Katerinabrandysauce123 · 28/08/2022 10:33

Thanks everyone for input I am starting to see things from a lot of different perspectives now. Didn’t realise I came across as so passive maybe I need to work on that. I am receiving counselling at the moment tbh so something I can discuss with her. i do feel my confidence and self esteem has been shattered. Maybe it is because previous relationship was an utter mindfuck I’m settling for bare minimum. I agree he is responsible and has every right to make this decision fair enough I agree always said it’s his choice his body. I also agree why would I even want to bring another child into this world. That feeling of grief is still there though despite knowing logically that it’s for the best. It’s seeing people announce pregnancies, newborns etc that’s really triggering me now again after him having the snip. He did give me an ultimatum essentially with the abortion, maybe there was a bit of me that thought maybe I could have it and it would be ok. He’s not bad I’m not saying he is this monster. Maybe in a couple of weeks I’ll see this in a totally different light. Right now I’m just very very deeply sad about the whole thing.

OP posts:
smooththecat · 28/08/2022 10:34

Regarding the vasectomy, I’d say his body, his choice. I think more men should take active control of their fertility.

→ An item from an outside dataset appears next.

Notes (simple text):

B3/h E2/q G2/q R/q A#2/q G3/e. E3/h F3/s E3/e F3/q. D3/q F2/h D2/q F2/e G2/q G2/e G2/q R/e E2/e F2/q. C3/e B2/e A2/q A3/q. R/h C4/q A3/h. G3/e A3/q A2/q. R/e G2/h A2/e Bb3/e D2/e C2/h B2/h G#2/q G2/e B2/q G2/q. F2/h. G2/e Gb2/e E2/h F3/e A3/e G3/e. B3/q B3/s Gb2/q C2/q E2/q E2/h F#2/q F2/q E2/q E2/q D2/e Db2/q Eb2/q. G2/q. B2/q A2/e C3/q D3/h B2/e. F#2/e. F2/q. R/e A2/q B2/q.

But your body, your choice also stands for you and crucially, he didn’t support that.

whumpthereitis · 28/08/2022 10:35

LemonDrop22 · 28/08/2022 10:16

Why would he leave her later on.

If someone's good enough to make your life partner, be a step mother to your child, for you to become a step father to their child, combine finances, blend families with etc etc why would a baby void all of that??

(And who encourages (if call it more coerced) someone they supposedly love, who they've impregnated, and who they know would ideally like another child into a potentially very traumatic termination anyway?

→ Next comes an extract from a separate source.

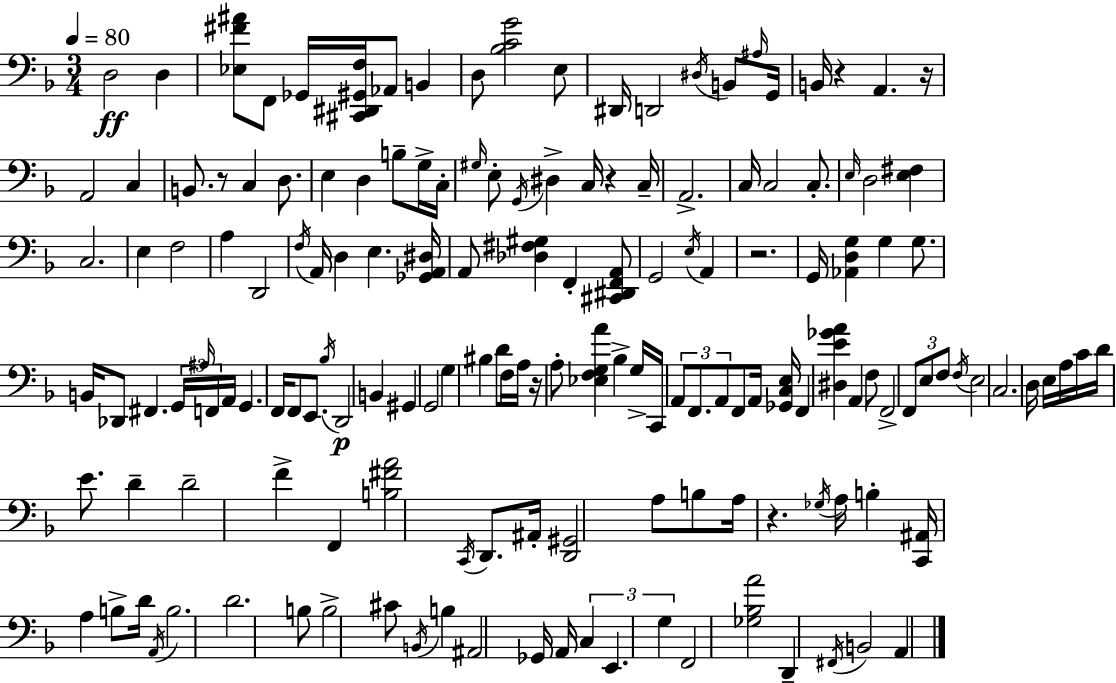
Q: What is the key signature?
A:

Op has explained what she's gone through coming tomterns with it. Meanwhile he's nagging about shagging).

Presumably because the stressors of having an unwanted child (on his part) would be too much for the relationship to cope with.

He was honest with her as to his feelings, that wasn’t wrong of him. He wasnt threatening her, he was telling the truth. He was entitled to have his own feelings on the matter, and right to share them with her. Lying to her that he was delighted and committed to being all in when he wasn’t would be worse.

LemonDrop22 · 28/08/2022 10:38

Maybe in a couple of weeks I’ll see this in a totally different light. Right now I’m just very very deeply sad about the whole thing.

Op, pls have a look at my post at 10.02.

Katerinabrandysauce123 · 28/08/2022 10:39

@LemonDrop22 I’m 35

OP posts:
LemonDrop22 · 28/08/2022 10:40

Presumably because the stressors of having an unwanted child (on his part) would be too much for the relationship to cope with.

If the relationship was otherwise viable for him (as it appears to be) that would make him a pretty shitty, useless person.